Two of the Schulzes’s sons have permanent disabilities as a result of being born prematurely.  Rule 7.955(a)(2) sets forth: “The court must give consideration to the terms of any representation agreement made between the attorney and the representative of the minor.…”

Rule 7.955(b) lists 14 non-exclusive factors for courts to consider when determining what fee will be reasonable, including the amount of the fee in proportion to the value of services, the experience of the attorney and the amount of time and labor involved.

Rothschild declared: “We conclude the trial court gave too little consideration to California Rules of Court, rule 7.955(a)(2).…In addition, the court did not acknowledge the factors listed in California Rules of Court, rule 7.955(b).  Although these factors are not mandatory, they provide a guide to the considerations relevant to determining whether a fee protects the interests of a minor while allowing an attorney to obtain a fair recovery.”

She continued: “All of these factors support a recovery greater than 10 percent.  One of the two attorneys who primarily worked on the case, Ian Herzog, had 47 years of experience in aviation accident cases, and the other, Thomas Yuhas, had 37 years of experience.  Both attorneys also have many years of experience as pilots, which undoubtedly gave them insight as to the causes of the crash.  In this case, both sides agree that the risk of loss was substantial.  When viewed from the perspective of the time it was signed, the representation agreement thus realistically evaluated the high risk that there could be no recovery at all or one substantially lower than was achieved.”

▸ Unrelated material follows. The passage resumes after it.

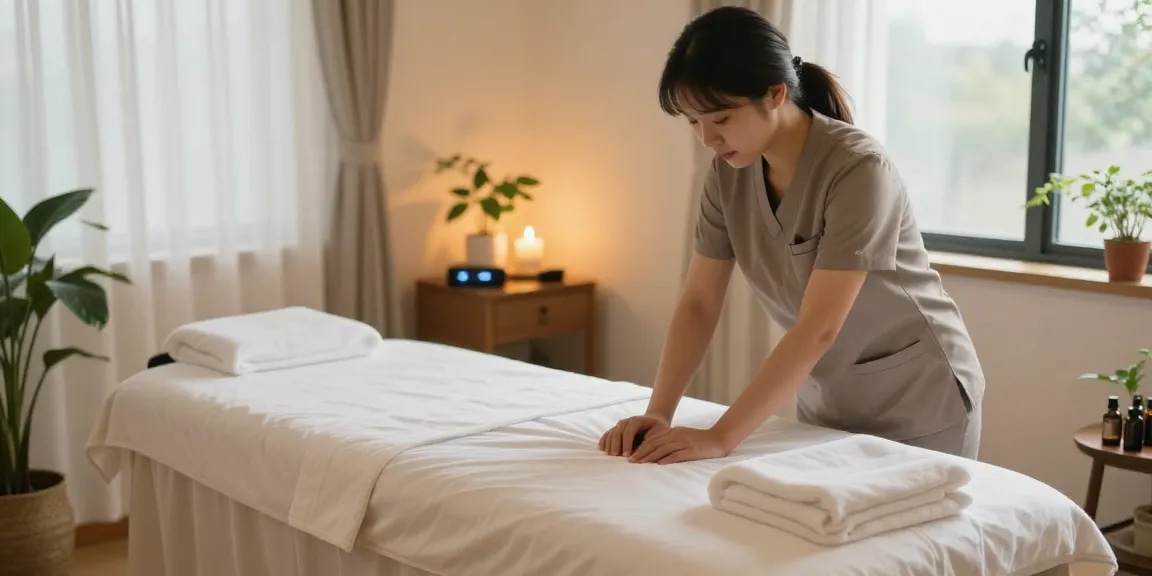 Relaxing massage therapy room promoting 성남출장안마 with serene ambiance and inviting decor.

She noted that the firm advanced more than $300,000 in costs.  In determining the potential for a minor being taken advantage of, the rule counsels, the court should look to the “relative sophistication of the attorney and the representative of the minor.  Rothschild said that Silke Schulz is a highly sophisticated executive who took over the company after her husband’s death.  And who made an informed decision to enlist the services of a firm willing to take the case on a contingency basis.

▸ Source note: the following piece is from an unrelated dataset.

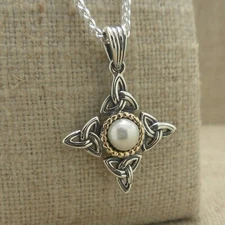Small Sterling Silver & 10K Freshwater Pearl Aphrodite Cross Keith Jack Boxed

The jurist noted that rule 7.955 had superseded prior local rules setting the baseline contingency award for minor clients, often at 25 percent.  She drew an analogy to class action attorney fee awards, which have a 25 percent starting point in the Ninth U.S. Circuit and some California courts.  She wrote: “We acknowledge that what is reasonable in applying the factors in California Rules of Court, rule 7.955 in any particular case may comprise a range of percentages.  Under the facts of this case, however, 10 percent was not within that reasonable range.  Although the trial court would be acting within its discretion to award less than 31 percent, we note that 31 percent is not out of line with awards in class actions, which, like this case, involve attorney fees to be paid by a protected class and that require court approval.”

The case is Schulz v. Jeppesen Sanderson, Inc., B277493.